Area 120
- Named after: 100% of time on 20% Projects
- Key people: Bradley Horowitz, Alex Gawley, Michelle Gonzalez, Balir Connolly, Gabor Cselle, Jackie Bernhelm, Elias Roman, Don Harrison
- Parent organization: Google
- Website: area120.google.com

= Area 120 =

Incubator for Google products

Area 120 is Google's in-house incubator in which employees work on 20% Project product ideas.

The Area 120 division was created by Sundar Pichai in March 2016 and has since spawned over 200 projects. The objective for the Area 120 program is to incubate products that "graduate" back to Google.

In November 2021, the division was reorganized under a new division called Google Labs (unrelated to the defunct service of the same name).

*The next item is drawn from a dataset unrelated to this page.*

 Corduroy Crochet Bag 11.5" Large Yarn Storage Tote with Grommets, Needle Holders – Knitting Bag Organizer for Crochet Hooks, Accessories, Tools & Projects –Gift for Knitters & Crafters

Area 120 was significantly reduced as part of Google's January 2023 layoffs.

== Notable products ==
The program has funded more than 200 different ideas from Google employees. Notable product experiments which have emerged from Area 120 include:

- Aloud - an AI-powered dubbing solution for video creators. Graduated to YouTube in 2023 where it evolved into YouTube auto dubbing.
- Tables – a collaborative database program comparable to Airtable. Graduated to Google Cloud.
- Reply – an Android app which allowed users to insert pre-defined replies (called "Smart Replies") into conversations on messaging apps on their phone.
- Stack – an Android app that digitizes personal documents and extracts key information.
- Gamesnacks – an HTML5 games platform for mobile websites.
- Keen – a competitor to Pinterest.
- Byteboard – a product that interviews software engineering candidates. Spun out into a separate company in Oct 2021.
- ThreadIt – a short-form video communication service.
- Orion Wifi – a product letting businesses sell Wi-Fi capacity to wireless carriers.
- Shoploop – a video shopping platform.
- Touring Bird – a search tool for experiences in major cities. Graduated into Google Travel.
- Tangi – a short-form video site.
- AdVR – a product providing advertisements in VR.
- Chatbase – a conversational AI platform for building and analyzing customer service chatbots. Graduated into Google Cloud.
- AdLingo – a marketing platform for bringing conversational assistants into display advertising. Graduated into Google Workspace.

== Byteboard spinout ==
The Byteboard project was spun out from Google into a separate company in Oct 2021, due to Byteboard using Google employees as human evaluators of candidates for Google competitors, which raised ethical issues.